57% of respondents in a recent SBM survey in Ikorodu have said that they will leave Ikorodu if the Badoo gang violence persists.
On another hand, for more than 60% of respondents to our survey, living costs have gone up since the violence escalated.
Over the last half decade, there has been a rise in gang violence in Lagos, Nigeria’s economic and commercial capital. While many Lagosians have suffered loss of life, health or property few were direct targets of the violence. With the rise of the Badoo gang in Ikorodu, this time-honoured pattern of criminality has been upended.
The Ikorodu local government area of Lagos has been the hotbed of violence in recent times. The unique geography of the area, with scattered communities, mangrove swamps, creeks, and relative distance from metropolitan Lagos means that a lot can happen in the relative isolation of the district, from which most of Lagos is insulated.
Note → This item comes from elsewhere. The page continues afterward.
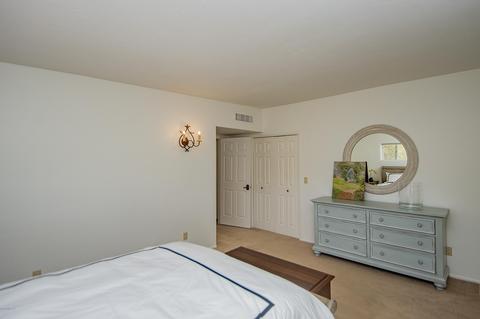 2171 E Circulo Solaz, Tucson, AZ 85718 photo 33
With the rise of oil bunkering as a cottage industry in the area, the accompanying violence that marks the increased competition for resources, supply routes and a foothold outside of the reach of law enforcement authorities has significantly escalated. Last year, SBM Intelligence published a report detailing the violence in the area. Many communities in Ikorodu resorted to self-help due to this failure of law enforcement and the justice system. It was in this atmosphere of violence targeted at residents and where residents responded with their own variant of jungle justice that a new gang, Badoo, emerged.
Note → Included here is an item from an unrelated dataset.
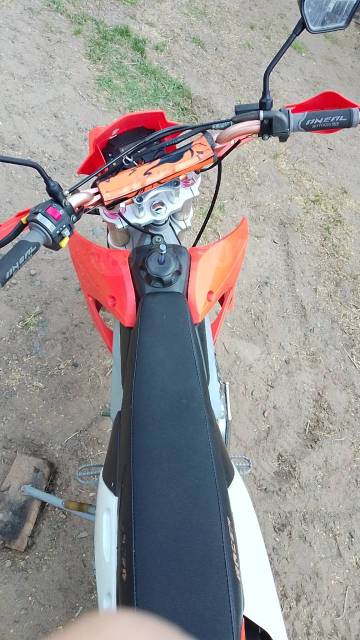 Racer Enduro RC200XZT. 200. ., ,  ,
The gang, known to be operating in Ikorodu at least since 2015, has carried out its activities in Owode-Ajegunle, Olopomeji, Odogunyan, the Idioro area of Ogijo, Itamaga, Radio Area of Erunwen in Ikorodu, Lagos state and the Ogijo area of neighbouring Ogun State. The group’s observed mode of operation has raised the possibility that they are not just thieves, and in some cases may have been motivated by feelings of revenge. Some of their attacks have displayed classic marks of retribution, such as the murder of entire families.
In the week of 17 July, SBM Intelligence sent its field staff into Ikorodu and conducted a survey, randomly sampling 100 people who work, live or run businesses in Ikorodu. There was a general paucity of knowledge about the group, to some residents in the area, the idea of Badoo is a fiction, a convenient media creation. Many respondents told SBM field staff that they were mostly unaware about Badoo until this year. What this suggests is that the group has, possibly intentionally, developed quietly, without any of its members attempting to throw their weight or presence around. The implication of this is the possibility that the gang could grow even bigger, and still remain under the radar in relative terms.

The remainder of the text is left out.